Now security is a rather broad concept that for example also includes things like availability, disaster recovery and secure deployment but today we will focus on access control, specifically controlling access to our application.

So let's discuss briefly what we want to achieve. The title of this article mentions three things but actually there are four things we want to achieve:

  • Identification to determine who the person is who is accessing our app
  • Authentication to prove someone's identity
  • Authorization to assign privileges based on someone's identity
  • Auditing to keep a record of someone's activity

The first two things are closely related: we identify someone by their username (or email address)  but anybody can claim any identity so without proof this is almost useless. If we do not verify the claim, anybody can claim to be someone else.

Proving someone's identity is often based on asking for something that someone knows or has, for example a secret, like a password, or perhaps a fingerprint, and compare this to something we have on file, like a password database.

Once we know for sure that someone is who they claim to be, we can determine what they are allowed to do in our app. Sometimes this authorization is implicit, a user may only access their own information for example, sometimes this is role based authorization, where we assign a role to a user (like 'administrator' or 'regular user') and each role has a set of allowed actions. 

The final part of application access control is auditing: we might want to keep track of some or all activity of user, perhaps to spot suspicious behavior or simply to identify usage patterns and improve the app (the latter is often referred to as 'metrics' or 'instrumentation'.


In practical terms that means that our app will need a login page to let people identify themselves and authenticate them using a password. In order to authorize activitities inside the app we need to keep track of them once they have succesfully logged in. And for good measure they also need to be able to log out.
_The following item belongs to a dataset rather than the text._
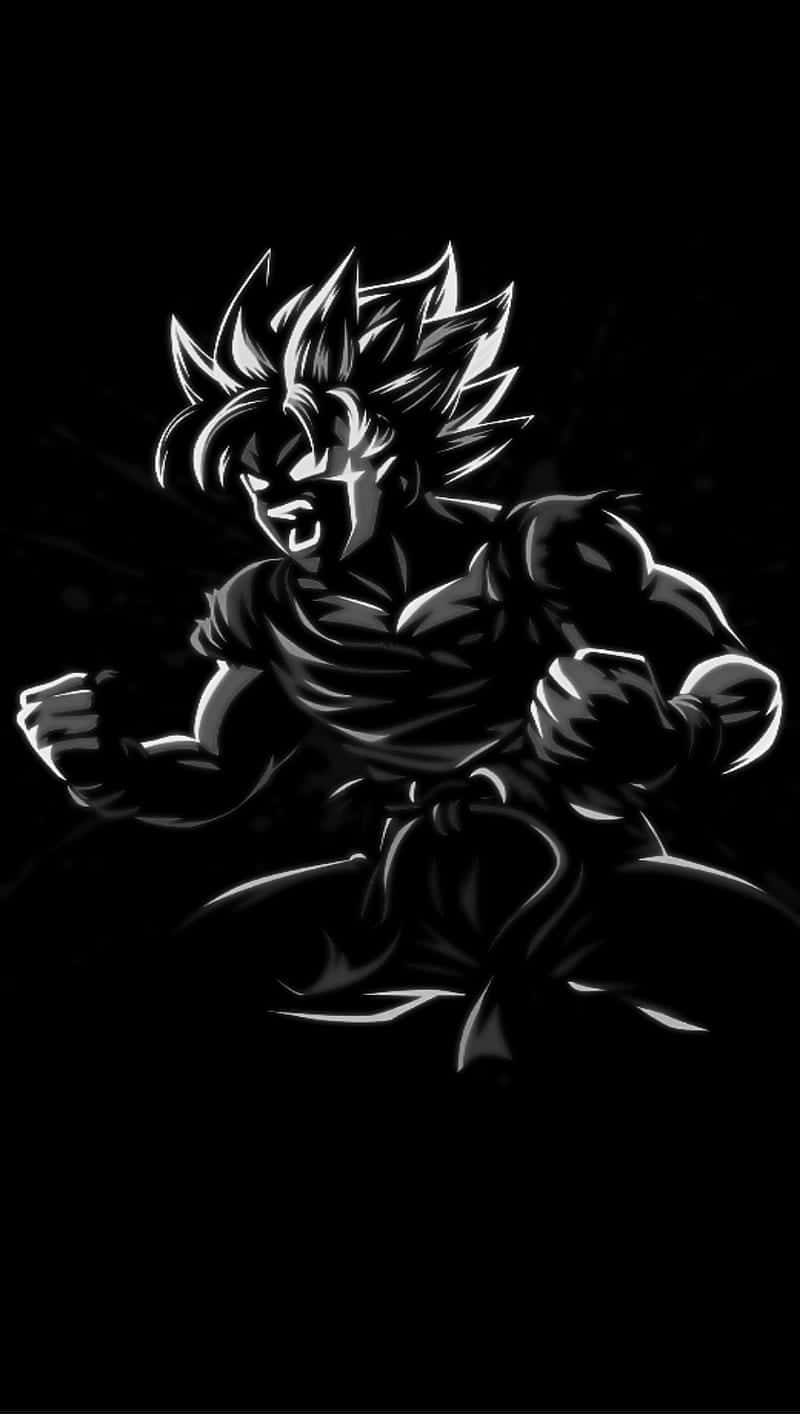 Dragon Ball Black And White Wallpapers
To keep track we issue a session cookie once people are logged in. This cookie is an unguessable random number that we store in a database along with the username and send back in the response to the browser. The browser will subsequently send this cookie along with every request, so the only thing we have to do on the server side is to check if we have this session cookie in our database. If we do, we know the user and can determine if they are allowed to do what they are requesting. If we don't have the session cookie in our database we deny the request and redirect the user to the logon page.

Schematically this looks like the diagram below where the large blue arrows on the left depict access requests to html pages or resources.

Session lifecycle

Sessions do not live forever and the creation, expiration and deletion are depicted below

Of course there is more to this subject, like how to create new passwords and how to offer a reset option to a user, but that's for a future article.